Assignment | Take the material below and output exactly the run of lines from the one containing "SSSSB_Melaka's tweet photo. 6.4.2018" down to the one containing "Volkswagen Transporter - Caravelle", with both included.

══ Material shown

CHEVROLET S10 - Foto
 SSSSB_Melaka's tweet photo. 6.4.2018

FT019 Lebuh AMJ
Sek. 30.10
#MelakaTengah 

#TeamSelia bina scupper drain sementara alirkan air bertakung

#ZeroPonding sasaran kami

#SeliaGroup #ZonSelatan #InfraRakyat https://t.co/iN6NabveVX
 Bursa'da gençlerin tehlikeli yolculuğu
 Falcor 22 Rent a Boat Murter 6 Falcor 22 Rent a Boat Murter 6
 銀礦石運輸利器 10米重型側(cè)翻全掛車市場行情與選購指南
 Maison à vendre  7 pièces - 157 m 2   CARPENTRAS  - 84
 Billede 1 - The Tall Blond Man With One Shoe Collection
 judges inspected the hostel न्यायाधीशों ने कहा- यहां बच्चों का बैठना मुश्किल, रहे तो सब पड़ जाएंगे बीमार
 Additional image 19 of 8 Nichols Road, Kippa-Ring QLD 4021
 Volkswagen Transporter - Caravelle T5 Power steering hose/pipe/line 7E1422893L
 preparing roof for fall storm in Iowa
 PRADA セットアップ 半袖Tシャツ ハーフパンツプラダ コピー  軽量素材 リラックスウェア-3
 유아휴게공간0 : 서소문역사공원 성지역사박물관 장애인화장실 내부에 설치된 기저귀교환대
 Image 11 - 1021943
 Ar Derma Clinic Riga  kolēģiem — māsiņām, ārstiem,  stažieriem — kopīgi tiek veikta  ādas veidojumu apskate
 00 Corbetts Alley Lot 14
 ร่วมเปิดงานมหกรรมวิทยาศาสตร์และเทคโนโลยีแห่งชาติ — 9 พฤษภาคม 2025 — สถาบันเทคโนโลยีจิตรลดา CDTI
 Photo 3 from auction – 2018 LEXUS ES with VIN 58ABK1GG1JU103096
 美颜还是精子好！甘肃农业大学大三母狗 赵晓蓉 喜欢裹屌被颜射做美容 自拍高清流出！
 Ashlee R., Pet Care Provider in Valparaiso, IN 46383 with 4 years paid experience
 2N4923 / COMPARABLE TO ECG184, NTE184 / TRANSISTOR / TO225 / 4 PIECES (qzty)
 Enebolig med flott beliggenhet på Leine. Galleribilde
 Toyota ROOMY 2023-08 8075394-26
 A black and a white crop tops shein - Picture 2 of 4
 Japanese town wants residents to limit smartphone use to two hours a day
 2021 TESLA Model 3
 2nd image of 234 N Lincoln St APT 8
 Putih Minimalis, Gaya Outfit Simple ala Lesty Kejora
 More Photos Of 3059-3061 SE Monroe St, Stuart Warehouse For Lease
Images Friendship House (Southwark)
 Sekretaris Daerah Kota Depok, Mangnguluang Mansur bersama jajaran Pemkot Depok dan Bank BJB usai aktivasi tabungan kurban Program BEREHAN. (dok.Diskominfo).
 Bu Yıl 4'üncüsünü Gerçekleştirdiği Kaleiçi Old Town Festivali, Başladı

════

Reply |
 SSSSB_Melaka's tweet photo. 6.4.2018

FT019 Lebuh AMJ
Sek. 30.10
#MelakaTengah 

#TeamSelia bina scupper drain sementara alirkan air bertakung

#ZeroPonding sasaran kami

#SeliaGroup #ZonSelatan #InfraRakyat https://t.co/iN6NabveVX
 Bursa'da gençlerin tehlikeli yolculuğu
 Falcor 22 Rent a Boat Murter 6 Falcor 22 Rent a Boat Murter 6
 銀礦石運輸利器 10米重型側(cè)翻全掛車市場行情與選購指南
 Maison à vendre  7 pièces - 157 m 2   CARPENTRAS  - 84
 Billede 1 - The Tall Blond Man With One Shoe Collection
 judges inspected the hostel न्यायाधीशों ने कहा- यहां बच्चों का बैठना मुश्किल, रहे तो सब पड़ जाएंगे बीमार
 Additional image 19 of 8 Nichols Road, Kippa-Ring QLD 4021
 Volkswagen Transporter - Caravelle T5 Power steering hose/pipe/line 7E1422893L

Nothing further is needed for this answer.